When I had more rabbits, my father built a shed for them off the side of the garage. Not really a shed, but more like a shed than anything else, or maybe a lean-to. The garage has the roof and walls stick out on one end, perhaps ten or twelve feet, and in part of this, he built my rabbitry. It was nothing fancy, plain dirt floors, wire walls on the two sides, with windows and ceiling vents. Every fall I had to put plexiglas over the wire on the inside, and every spring when it warmed up enough I had to take it off. At first I had wire tables to set the cages on, later, he hung them. That was easier, I could get the rake underneath the cages, and they were at the right height for getting into. My parents' garden is still one of the best around, though hunting is so restricted now that the deer get most everything.
But we kept the wire tables, as my parents have kept everything, and they are still kicking around the old place, even though there is just the one rabbit cage left, in the hutch in the yard, and no rabbits.
The winter my first bunny died (and the difference between a bunny and a rabbit is the difference between a pet and livestock, to me), the snow was so high that when we shoveled it out of the driveway against the fence of the yard, it got up to six inches from the top. A coyote wandered over one night. The dogs were in the house: Dickens wasn't more than three months old, Brutus was dying of cancer (as was Flower, the bunny), and Arco was a guide dog puppy in training, never more than the length of his leash away from whoever was watching him, mostly me.
Flower died in the winter, and with all the snow, we put him in the freezer until spring. (My dad normally stashes gophers, road kill, whatever in the freezer for making specimins of, when the freezer gets too full, my mom bags them up and sends them to work with him, he'll leave them forever elsewise, but dead critters in the freezer is normal.)
Brutus died in the spring. We burried them together in the front garden, where the lilies of the valley and the hollyhocks grow. For years they touched noses every morning through the cage wire, as if to check that all was well in the other's world.
Arco is dead now, burried down behind my parents house, and Dickens so arthritic that he can barely walk.

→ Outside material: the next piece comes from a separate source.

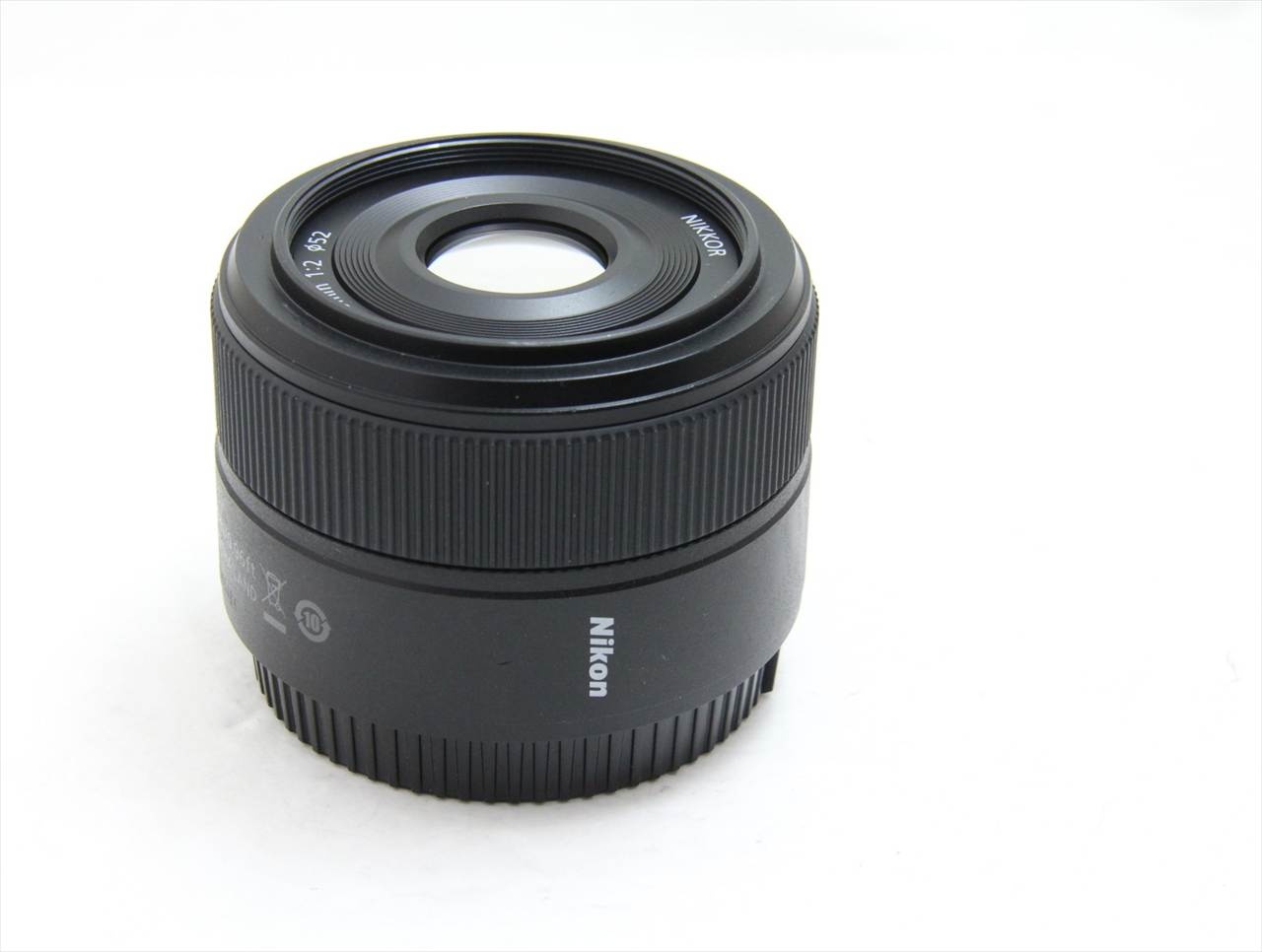 【中古】 ニコン(nikon) NIKKOR Z 40mm f/2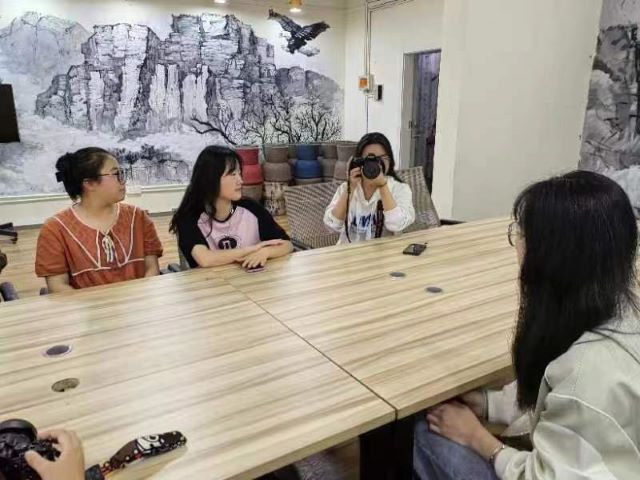 寰宇中 轩楹处 旖丽尽在此间中——第十三期暖言拾光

We are born, we age, we die, and for animals it is so short a time.
Humans, we fight death anyway we can, as if we know we are meant for eternity, but we don't quite grasp the changes that have to happen first.

2 Comments:

  • At 4:24 PM, January 27, 2006, Blogger heidi said…

    That was such a gentle commentary on the passage of time.

    Nicely done.

     
  • At 10:58 AM, January 28, 2006, Blogger BoysMom said…

    Thank you, Heidi. This was totally stream of conciousness writing. I think I went back twice to fix typos, and that was it.
    I didn't set out to write anything in particular, is what I mean. I'm glad you got something from it.